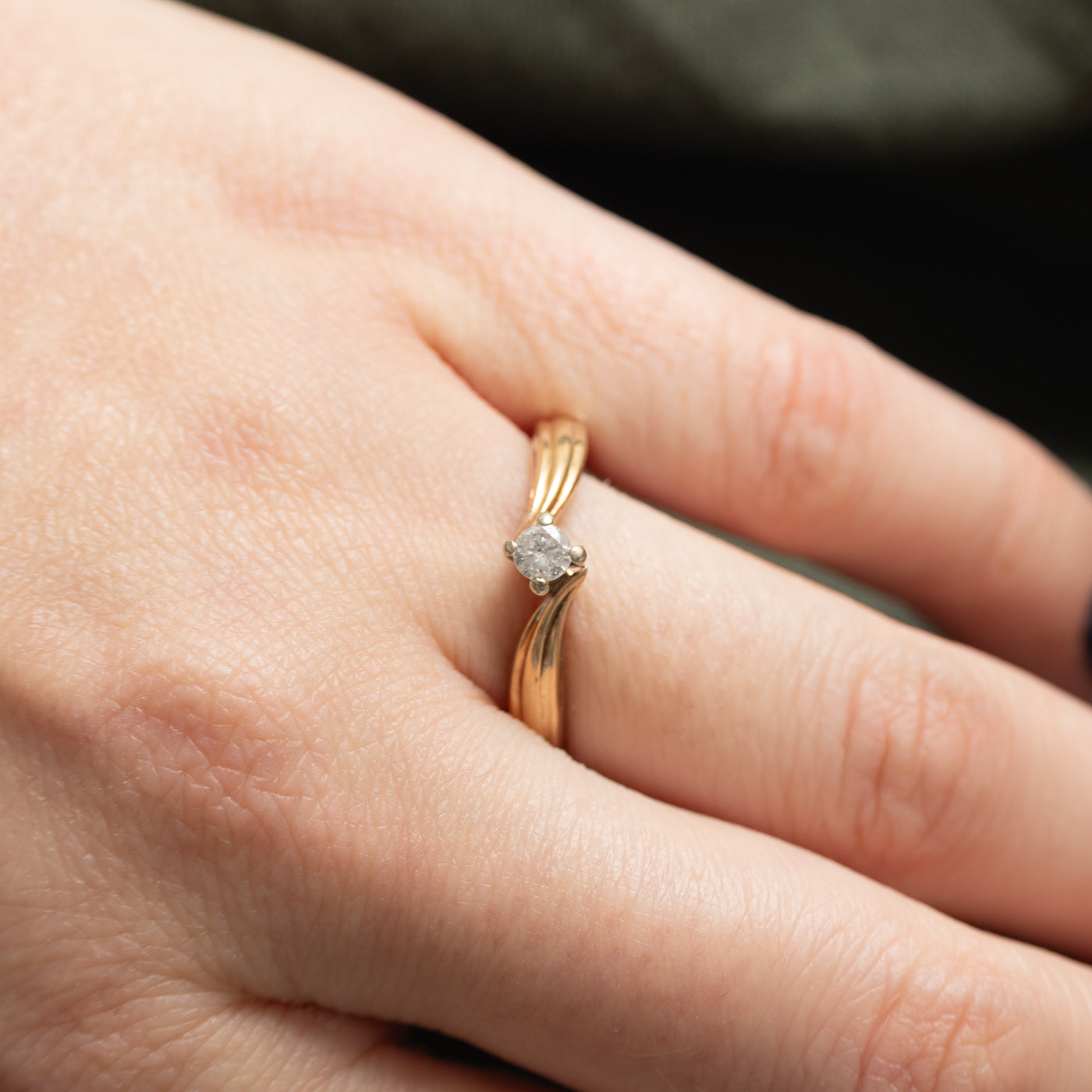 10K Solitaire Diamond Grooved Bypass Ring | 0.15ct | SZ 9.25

* * *

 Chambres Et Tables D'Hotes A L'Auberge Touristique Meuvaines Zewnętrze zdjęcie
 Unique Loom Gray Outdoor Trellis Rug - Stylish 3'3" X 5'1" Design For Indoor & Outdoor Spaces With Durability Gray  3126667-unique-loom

* * *

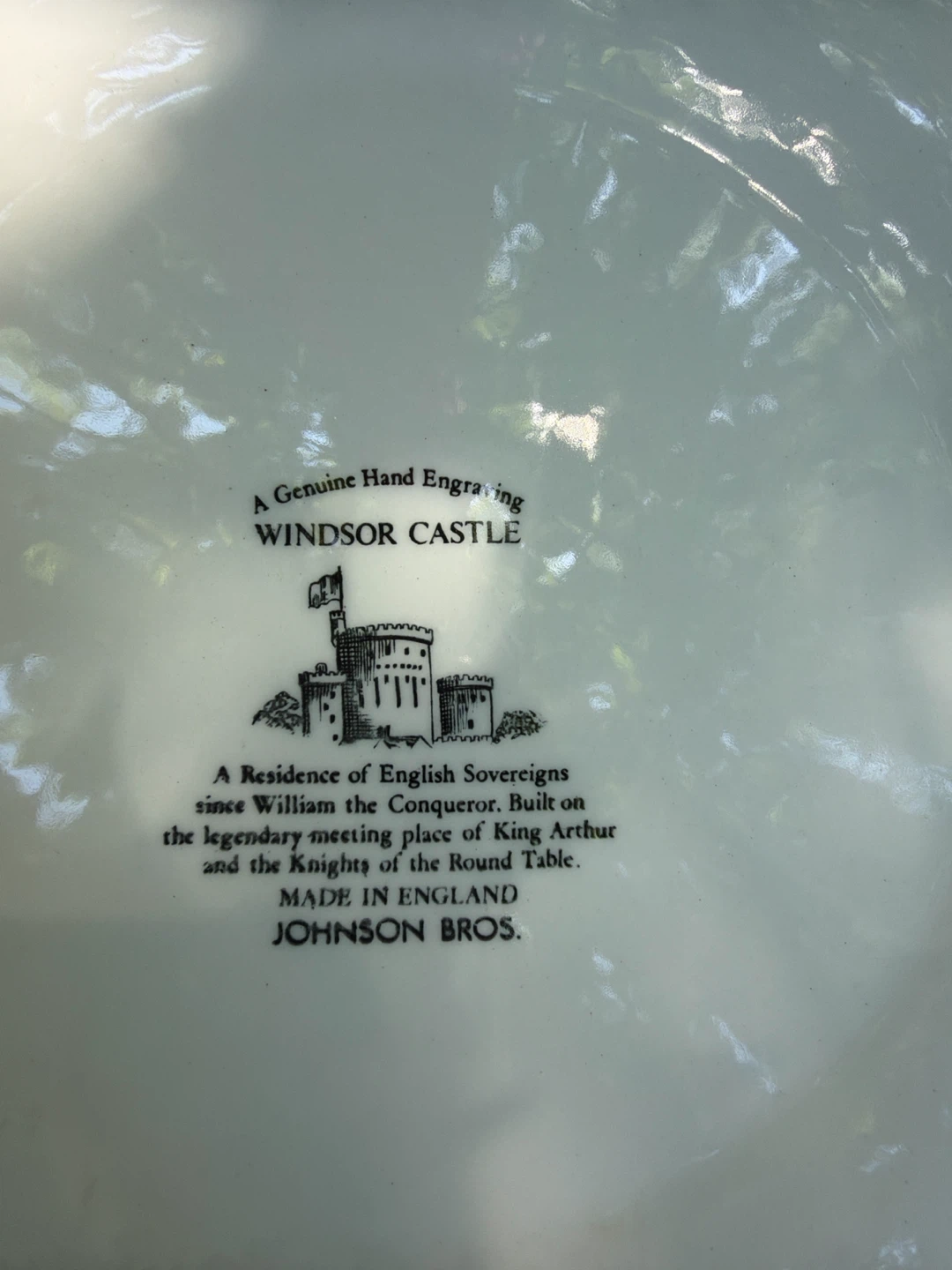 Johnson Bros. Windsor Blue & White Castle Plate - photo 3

WHAT TO WORK ON = From the entries above, write out only the lines starting at the line that holds "Chambres Et Tables" and ending at the line that holds "Unique Loom Gray", keeping both and matching them exactly.

SOLUTION =
 Chambres Et Tables D'Hotes A L'Auberge Touristique Meuvaines Zewnętrze zdjęcie
 Unique Loom Gray Outdoor Trellis Rug - Stylish 3'3" X 5'1" Design For Indoor & Outdoor Spaces With Durability Gray  3126667-unique-loom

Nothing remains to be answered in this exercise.